Re: [PATCH v3 4/5] perf kvm: Support sampling guest callchains

From: Sean Christopherson <seanjc@google.com>
To: Tianyi Liu <i.pear@outlook.com>
Cc: pbonzini@redhat.com, peterz@infradead.org, mingo@redhat.com,
	 acme@kernel.org, linux-arm-kernel@lists.infradead.org,
	kvmarm@lists.linux.dev,  linux-kernel@vger.kernel.org,
	linux-perf-users@vger.kernel.org,  kvm@vger.kernel.org,
	x86@kernel.org, mark.rutland@arm.com,  mlevitsk@redhat.com,
	maz@kernel.org, alexander.shishkin@linux.intel.com,
	 jolsa@kernel.org, namhyung@kernel.org, irogers@google.com,
	 adrian.hunter@intel.com
Subject: Re: [PATCH v3 4/5] perf kvm: Support sampling guest callchains
Date: Tue, 12 Dec 2023 07:39:29 -0800	[thread overview]
Message-ID: <ZXh-sRZQWvJYn0uJ@google.com> (raw)
In-Reply-To: <SYBPR01MB687083237B0E5C03B63EDAB99D88A@SYBPR01MB6870.ausprd01.prod.outlook.com>

On Sun, Dec 10, 2023, Tianyi Liu wrote:
> This patch provides support for sampling guests' callchains.
> 
> The signature of `get_perf_callchain` has been modified to explicitly
> specify whether it needs to sample the host or guest callchain.
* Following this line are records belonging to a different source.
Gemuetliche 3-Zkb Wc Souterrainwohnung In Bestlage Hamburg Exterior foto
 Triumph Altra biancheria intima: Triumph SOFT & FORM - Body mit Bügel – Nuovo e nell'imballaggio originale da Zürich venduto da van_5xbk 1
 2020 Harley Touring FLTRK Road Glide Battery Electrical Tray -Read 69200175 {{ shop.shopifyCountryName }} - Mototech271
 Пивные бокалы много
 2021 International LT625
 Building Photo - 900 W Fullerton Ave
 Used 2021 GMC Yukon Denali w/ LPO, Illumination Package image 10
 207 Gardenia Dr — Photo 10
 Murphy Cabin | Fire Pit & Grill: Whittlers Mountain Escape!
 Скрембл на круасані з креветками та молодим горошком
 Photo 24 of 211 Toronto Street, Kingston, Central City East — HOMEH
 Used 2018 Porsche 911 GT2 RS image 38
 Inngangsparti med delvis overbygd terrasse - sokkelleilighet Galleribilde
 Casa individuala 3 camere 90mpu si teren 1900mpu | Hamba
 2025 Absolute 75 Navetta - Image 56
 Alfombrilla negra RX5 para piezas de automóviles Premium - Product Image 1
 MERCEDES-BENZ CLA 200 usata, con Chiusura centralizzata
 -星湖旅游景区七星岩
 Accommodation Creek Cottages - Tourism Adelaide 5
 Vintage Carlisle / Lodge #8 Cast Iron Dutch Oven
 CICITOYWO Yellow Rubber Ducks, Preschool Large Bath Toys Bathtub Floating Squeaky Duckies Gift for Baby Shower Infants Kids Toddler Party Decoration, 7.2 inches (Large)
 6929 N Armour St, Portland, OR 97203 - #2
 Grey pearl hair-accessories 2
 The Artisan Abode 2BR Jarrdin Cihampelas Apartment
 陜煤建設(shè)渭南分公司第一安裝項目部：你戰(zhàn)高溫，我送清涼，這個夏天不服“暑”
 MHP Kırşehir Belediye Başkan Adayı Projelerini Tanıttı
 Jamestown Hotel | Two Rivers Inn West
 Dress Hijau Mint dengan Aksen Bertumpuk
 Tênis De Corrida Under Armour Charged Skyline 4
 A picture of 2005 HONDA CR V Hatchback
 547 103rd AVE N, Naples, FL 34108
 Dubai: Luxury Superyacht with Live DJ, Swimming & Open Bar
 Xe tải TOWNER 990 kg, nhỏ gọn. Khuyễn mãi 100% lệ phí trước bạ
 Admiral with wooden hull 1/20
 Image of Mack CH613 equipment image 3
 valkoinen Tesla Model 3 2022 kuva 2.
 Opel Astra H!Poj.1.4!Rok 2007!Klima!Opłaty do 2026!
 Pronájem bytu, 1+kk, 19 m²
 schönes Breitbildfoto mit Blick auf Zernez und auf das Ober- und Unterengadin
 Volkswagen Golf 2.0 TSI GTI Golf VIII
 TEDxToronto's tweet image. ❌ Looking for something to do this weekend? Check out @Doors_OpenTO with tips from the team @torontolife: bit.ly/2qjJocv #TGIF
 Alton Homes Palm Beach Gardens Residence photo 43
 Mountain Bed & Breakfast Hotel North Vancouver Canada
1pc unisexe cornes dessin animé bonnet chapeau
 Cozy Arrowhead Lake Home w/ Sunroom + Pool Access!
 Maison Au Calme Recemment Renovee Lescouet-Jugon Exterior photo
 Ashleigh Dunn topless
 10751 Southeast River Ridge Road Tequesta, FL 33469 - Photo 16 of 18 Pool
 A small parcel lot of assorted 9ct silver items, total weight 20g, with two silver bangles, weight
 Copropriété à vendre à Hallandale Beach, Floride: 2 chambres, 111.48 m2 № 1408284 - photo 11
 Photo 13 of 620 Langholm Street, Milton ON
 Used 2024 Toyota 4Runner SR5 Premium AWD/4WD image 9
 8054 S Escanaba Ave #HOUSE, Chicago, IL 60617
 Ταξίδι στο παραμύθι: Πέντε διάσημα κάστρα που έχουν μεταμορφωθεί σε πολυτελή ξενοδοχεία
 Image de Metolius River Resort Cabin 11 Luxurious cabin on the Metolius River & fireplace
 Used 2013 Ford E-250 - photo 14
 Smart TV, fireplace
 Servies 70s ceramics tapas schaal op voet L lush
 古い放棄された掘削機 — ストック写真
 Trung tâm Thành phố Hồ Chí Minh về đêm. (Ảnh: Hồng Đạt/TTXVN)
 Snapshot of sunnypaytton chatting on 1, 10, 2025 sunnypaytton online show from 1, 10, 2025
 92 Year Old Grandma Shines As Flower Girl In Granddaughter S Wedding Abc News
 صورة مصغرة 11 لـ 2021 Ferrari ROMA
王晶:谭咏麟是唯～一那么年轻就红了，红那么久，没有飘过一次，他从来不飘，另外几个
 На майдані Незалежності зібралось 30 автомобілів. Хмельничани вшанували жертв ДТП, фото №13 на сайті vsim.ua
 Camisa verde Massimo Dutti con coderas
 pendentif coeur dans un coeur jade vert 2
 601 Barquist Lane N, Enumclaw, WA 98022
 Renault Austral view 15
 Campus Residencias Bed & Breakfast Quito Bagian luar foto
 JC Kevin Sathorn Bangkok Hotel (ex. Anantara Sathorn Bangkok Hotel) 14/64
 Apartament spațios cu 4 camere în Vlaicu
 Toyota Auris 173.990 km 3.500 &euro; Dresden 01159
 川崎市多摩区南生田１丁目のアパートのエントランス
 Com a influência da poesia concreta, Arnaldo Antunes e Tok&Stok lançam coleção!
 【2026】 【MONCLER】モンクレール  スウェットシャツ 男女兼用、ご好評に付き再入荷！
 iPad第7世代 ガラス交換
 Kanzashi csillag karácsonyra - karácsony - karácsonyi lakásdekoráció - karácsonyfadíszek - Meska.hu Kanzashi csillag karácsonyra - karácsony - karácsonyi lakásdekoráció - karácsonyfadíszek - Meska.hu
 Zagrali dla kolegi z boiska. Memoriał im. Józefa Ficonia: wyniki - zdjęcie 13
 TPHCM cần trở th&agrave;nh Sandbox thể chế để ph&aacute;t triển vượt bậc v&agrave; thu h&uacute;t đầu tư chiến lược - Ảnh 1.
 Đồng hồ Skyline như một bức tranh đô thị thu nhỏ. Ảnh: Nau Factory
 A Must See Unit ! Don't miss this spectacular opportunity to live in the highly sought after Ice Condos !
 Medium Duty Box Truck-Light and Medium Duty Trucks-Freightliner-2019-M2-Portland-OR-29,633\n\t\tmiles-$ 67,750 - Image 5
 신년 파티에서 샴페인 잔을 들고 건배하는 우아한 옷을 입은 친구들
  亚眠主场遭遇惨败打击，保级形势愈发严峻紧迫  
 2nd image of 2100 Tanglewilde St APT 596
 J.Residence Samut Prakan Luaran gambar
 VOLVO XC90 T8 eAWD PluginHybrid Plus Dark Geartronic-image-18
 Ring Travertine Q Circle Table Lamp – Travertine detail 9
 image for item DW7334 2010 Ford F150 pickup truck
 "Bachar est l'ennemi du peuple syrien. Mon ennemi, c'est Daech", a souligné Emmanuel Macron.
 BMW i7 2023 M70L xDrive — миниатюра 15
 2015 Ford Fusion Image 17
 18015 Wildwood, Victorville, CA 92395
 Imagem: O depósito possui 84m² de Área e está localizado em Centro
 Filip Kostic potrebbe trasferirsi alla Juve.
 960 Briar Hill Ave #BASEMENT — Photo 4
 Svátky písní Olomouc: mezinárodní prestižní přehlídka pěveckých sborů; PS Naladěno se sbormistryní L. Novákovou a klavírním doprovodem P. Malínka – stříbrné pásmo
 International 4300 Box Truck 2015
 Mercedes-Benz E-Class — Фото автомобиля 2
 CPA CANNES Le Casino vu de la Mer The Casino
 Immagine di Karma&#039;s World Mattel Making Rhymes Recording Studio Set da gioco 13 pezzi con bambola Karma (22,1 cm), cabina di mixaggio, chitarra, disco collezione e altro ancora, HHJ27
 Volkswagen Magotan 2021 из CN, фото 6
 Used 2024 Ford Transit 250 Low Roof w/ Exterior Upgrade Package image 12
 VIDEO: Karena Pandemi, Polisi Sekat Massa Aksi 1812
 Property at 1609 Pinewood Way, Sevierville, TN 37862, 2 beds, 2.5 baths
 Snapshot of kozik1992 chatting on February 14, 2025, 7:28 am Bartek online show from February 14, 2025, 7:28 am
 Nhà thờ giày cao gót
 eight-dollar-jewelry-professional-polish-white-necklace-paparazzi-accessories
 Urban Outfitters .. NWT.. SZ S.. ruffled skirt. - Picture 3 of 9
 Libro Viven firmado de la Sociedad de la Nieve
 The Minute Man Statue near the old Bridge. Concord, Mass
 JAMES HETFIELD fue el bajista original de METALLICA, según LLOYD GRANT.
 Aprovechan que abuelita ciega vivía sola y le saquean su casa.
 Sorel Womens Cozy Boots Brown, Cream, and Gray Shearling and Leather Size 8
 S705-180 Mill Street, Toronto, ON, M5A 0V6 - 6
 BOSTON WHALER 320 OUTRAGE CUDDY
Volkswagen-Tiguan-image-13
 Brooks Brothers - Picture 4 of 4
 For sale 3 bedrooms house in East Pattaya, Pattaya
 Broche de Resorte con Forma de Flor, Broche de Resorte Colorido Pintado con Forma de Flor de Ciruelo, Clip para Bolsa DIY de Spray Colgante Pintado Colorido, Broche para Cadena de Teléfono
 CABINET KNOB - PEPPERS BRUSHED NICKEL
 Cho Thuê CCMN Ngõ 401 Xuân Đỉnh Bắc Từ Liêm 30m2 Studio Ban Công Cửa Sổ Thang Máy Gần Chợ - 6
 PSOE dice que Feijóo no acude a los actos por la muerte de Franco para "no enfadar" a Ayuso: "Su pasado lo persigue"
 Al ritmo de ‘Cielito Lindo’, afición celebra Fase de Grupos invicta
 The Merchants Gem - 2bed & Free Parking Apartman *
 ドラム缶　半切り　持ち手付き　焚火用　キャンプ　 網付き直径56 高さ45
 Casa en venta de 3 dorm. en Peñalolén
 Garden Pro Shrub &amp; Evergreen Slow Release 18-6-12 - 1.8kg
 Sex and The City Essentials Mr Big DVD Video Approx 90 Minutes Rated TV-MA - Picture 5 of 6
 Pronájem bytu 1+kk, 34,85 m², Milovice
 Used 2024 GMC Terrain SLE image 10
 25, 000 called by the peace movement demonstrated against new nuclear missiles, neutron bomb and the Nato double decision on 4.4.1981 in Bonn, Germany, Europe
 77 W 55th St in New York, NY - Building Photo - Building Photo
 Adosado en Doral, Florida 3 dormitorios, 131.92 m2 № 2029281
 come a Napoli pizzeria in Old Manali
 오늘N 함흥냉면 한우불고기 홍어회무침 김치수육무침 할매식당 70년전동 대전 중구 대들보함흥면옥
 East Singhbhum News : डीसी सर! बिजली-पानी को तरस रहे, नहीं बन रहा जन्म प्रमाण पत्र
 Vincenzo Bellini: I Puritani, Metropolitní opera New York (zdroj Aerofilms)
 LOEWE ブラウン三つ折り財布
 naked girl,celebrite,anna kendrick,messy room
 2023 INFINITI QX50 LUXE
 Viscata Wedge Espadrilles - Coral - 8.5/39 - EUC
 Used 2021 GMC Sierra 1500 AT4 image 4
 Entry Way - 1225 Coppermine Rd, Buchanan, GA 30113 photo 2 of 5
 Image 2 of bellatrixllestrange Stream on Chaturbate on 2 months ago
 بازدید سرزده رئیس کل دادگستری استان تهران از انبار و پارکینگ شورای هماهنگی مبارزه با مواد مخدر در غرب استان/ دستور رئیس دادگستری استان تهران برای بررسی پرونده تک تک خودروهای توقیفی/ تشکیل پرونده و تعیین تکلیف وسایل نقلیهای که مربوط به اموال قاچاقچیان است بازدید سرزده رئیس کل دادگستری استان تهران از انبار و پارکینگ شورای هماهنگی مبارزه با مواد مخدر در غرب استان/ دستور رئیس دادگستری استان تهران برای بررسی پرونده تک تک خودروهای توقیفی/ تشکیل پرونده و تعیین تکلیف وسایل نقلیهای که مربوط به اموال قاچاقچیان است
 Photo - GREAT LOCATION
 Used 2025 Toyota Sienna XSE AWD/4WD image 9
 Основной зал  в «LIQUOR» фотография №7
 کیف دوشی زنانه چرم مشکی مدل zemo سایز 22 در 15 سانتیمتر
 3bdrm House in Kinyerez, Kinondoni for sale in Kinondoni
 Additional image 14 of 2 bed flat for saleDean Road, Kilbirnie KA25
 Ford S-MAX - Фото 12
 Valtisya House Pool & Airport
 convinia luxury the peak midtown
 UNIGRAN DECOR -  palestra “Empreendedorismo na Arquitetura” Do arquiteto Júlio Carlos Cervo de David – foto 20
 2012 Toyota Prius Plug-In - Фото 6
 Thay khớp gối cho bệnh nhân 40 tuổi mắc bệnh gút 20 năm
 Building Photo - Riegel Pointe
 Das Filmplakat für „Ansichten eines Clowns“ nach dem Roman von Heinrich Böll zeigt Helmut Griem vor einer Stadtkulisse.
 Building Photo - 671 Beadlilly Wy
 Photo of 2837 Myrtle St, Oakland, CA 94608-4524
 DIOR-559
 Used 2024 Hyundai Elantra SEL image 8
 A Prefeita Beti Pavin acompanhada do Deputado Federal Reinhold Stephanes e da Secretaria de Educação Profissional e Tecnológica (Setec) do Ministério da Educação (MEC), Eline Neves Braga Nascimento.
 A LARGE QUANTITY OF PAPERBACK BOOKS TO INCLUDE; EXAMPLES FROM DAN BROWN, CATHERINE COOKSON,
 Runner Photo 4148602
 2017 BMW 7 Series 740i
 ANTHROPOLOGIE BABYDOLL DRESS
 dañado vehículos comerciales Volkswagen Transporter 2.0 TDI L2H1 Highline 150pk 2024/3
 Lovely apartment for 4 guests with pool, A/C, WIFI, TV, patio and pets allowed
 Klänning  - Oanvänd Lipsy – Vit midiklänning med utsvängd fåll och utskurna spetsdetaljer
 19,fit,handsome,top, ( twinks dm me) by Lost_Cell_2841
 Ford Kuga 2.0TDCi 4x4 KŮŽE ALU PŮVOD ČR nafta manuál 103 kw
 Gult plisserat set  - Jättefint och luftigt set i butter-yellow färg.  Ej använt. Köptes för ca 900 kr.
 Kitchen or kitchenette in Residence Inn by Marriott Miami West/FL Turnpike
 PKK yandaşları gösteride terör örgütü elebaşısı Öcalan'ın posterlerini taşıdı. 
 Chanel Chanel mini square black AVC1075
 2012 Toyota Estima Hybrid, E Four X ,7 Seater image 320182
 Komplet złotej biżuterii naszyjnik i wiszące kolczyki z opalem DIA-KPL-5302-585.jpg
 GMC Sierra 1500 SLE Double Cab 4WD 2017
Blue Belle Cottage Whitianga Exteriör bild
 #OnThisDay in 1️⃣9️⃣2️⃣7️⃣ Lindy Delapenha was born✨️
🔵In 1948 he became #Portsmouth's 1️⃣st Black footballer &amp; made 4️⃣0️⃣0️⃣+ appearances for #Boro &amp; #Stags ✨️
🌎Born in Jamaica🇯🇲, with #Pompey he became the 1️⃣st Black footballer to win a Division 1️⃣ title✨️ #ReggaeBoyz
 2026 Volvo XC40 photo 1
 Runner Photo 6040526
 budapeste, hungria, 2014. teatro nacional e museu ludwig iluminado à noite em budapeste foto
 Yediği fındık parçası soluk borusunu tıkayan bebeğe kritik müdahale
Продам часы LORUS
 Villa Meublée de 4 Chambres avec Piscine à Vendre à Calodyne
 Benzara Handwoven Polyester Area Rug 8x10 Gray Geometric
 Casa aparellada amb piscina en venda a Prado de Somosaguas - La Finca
Based on
> the context, `get_perf_callchain` will distribute each sampling request
> to one of `perf_callchain_user`, `perf_callchain_kernel`,
> or `perf_callchain_guest`.
> 
> The reason for separately implementing `perf_callchain_user` and
> `perf_callchain_kernel` is that the kernel may utilize special unwinders
> like `ORC`. However, for the guest, we only support stackframe-based
> unwinding, so the implementation is generic and only needs to be
> separately implemented for 32-bit and 64-bit.
> 
> Signed-off-by: Tianyi Liu <i.pear@outlook.com>
> ---
>  arch/x86/events/core.c     | 63 ++++++++++++++++++++++++++++++++------
>  include/linux/perf_event.h |  3 +-
>  kernel/bpf/stackmap.c      |  8 ++---
>  kernel/events/callchain.c  | 27 +++++++++++++++-
>  kernel/events/core.c       |  7 ++++-
>  5 files changed, 91 insertions(+), 17 deletions(-)
> 
> diff --git a/arch/x86/events/core.c b/arch/x86/events/core.c
> index 40ad1425ffa2..4ff412225217 100644
> --- a/arch/x86/events/core.c
> +++ b/arch/x86/events/core.c
> @@ -2758,11 +2758,6 @@ perf_callchain_kernel(struct perf_callchain_entry_ctx *entry, struct pt_regs *re
>  	struct unwind_state state;
>  	unsigned long addr;
>  
> -	if (perf_guest_state()) {
> -		/* TODO: We don't support guest os callchain now */
> -		return;
> -	}
> -
>  	if (perf_callchain_store(entry, regs->ip))
>  		return;
>  
> @@ -2778,6 +2773,59 @@ perf_callchain_kernel(struct perf_callchain_entry_ctx *entry, struct pt_regs *re
>  	}
>  }
>  
> +static inline void
> +perf_callchain_guest32(struct perf_callchain_entry_ctx *entry,
> +		       const struct perf_kvm_guest_unwind_info *unwind_info)
> +{
> +	unsigned long ss_base, cs_base;
> +	struct stack_frame_ia32 frame;
> +	const struct stack_frame_ia32 *fp;
> +
> +	cs_base = unwind_info->segment_cs_base;
> +	ss_base = unwind_info->segment_ss_base;
> +
> +	fp = (void *)(ss_base + unwind_info->frame_pointer);
> +	while (fp && entry->nr < entry->max_stack) {
> +		if (!perf_guest_read_virt((unsigned long)&fp->next_frame,

This is extremely confusing and potentially dangerous.  ss_base and
unwind_info->frame_pointer are *guest* SS:RBP, i.e. this is referencing a guest
virtual address.  It works, but it _looks_ like the code is fully dereferencing
a guest virtual address in the hose kernel.  And I can only imagine what type of
speculative accesses this generates.

*If* we want to support guest callchains, I think it would make more sense to
have a single hook for KVM/virtualization to fill perf_callchain_entry_ctx.  Then
there's no need for "struct perf_kvm_guest_unwind_info", perf doesn't need a hook
to read guest memory, and KVM can decide/control what to do with respect to
mitigating speculatiion issues. 

> +					  &frame.next_frame, sizeof(frame.next_frame)))
> +			break;
> +		if (!perf_guest_read_virt((unsigned long)&fp->return_address,
> +					  &frame.return_address, sizeof(frame.return_address)))
> +			break;
> +		perf_callchain_store(entry, cs_base + frame.return_address);
> +		fp = (void *)(ss_base + frame.next_frame);
> +	}
> +}